Multilingual Entity Spelling Variants as Linked Data on the EU’s Open Data Portal
Keynote Guillaume Jacquet
The European Commission’s Joint Research Centre (JRC) has been analysing the online version of printed media in over twenty languages since 2004 and has automatically recognised and collected large amounts of ‘named entities’ (names of persons, organisations and more) and their many spelling variants, including across different languages and scripts. By semi-automatically mining Wikipedia, this collection was extended so that it covers up to hundreds of spelling variants for the same name, all occurring in real-life text. These named entity spelling variant lists, known as JRC-Names, have been available for download since 2011. In this talk, we report our efforts to render JRC-Names as linked data. This LOD version goes beyond the initial data release in that it now includes lists of titles found next to the names, as well as date ranges when the titles and the name variants were found. It also provides links towards existing datasets including DBpedia and Talk-Of-Europe datasets. We use the lexicon model for ontologies lemon to represent and interlink the name variants, their titles and their equivalent data point in DBpedia. This LOD version of JRC-Names can help bridge the gap between structured data repositories and multilingual text written in natural languages, thus supporting large-scale data integration, web-based content processing and cross-lingual mapping. JRC-Names is publicly available in the dataset catalogue of the European Union’s Open Data Portal.

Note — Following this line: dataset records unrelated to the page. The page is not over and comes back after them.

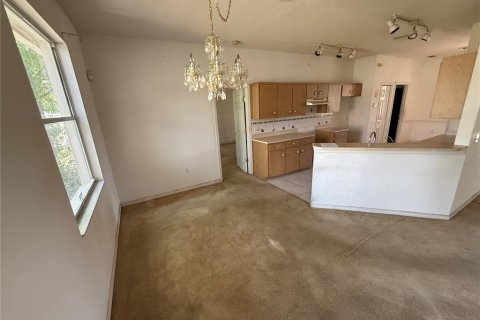 House in Lakeland, Florida 3 bedrooms, 172.43 sq.m. № 2204196 - photo 11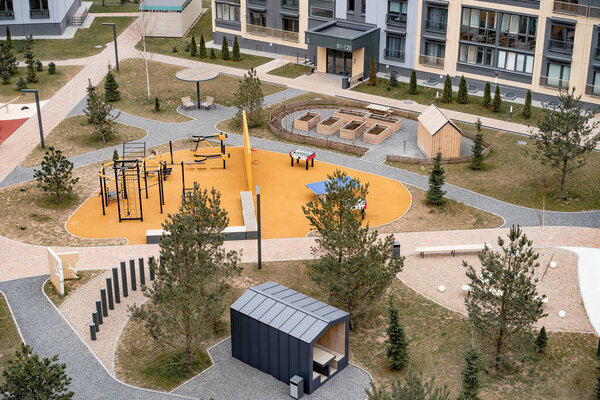 красивый современный городской двор, вид сверху. Европейский двор в городе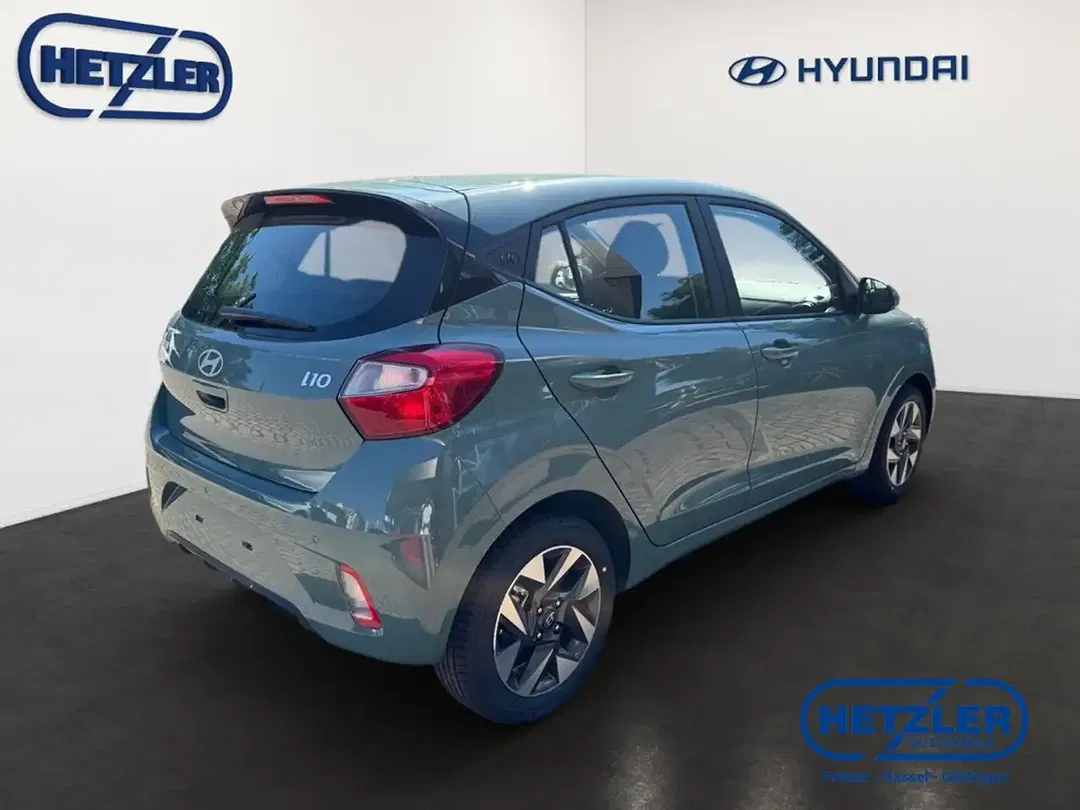 Hyundai i10 - Thumbnail 3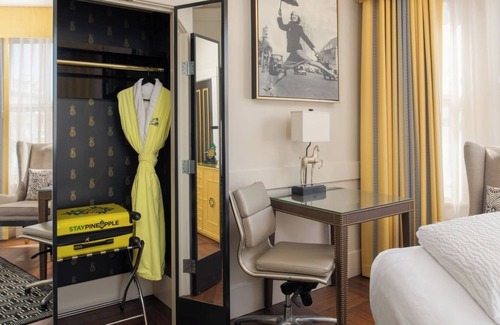 Tenderloin Hotel | San Francisco Getaway: Relaxing Room Close to Museum of Modern Art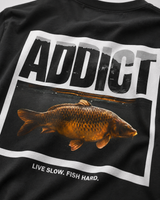 carpstylez ADDICT Shirt – Detail, Karpfen-Streetwear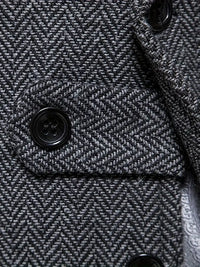 Grauer Fischgrät-Wollmantel mit schwarzen Knöpfen, elegantes Design, hochwertige Herrenmode.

Guillaume Jacquet is a research scientist in Natural Language Processing. He currently works at the Joint Research Centre (JRC) of the European Commission, in the Institute for the Protection and Security of the Citizen (Ispra, Italy). He is the Scientific Project Officer of the European Media Monitor (EMM) team, which aims to develop innovative solutions for retrieving and extracting information from the internet, and especially from online news and social media, serving many Commission Services, EU agencies and some EU Member State authorities. His current research interests include:
– Developing and improving NLP tools to structure and analyse the news.
– Multilingual Named Entity Guessing: new/unknown Named Entity detection.
– Acronym resolution: linking short and long forms related to the same entity in a multilingual environment.
– Developing and integrating Linked Open Data in the existing NLP tools.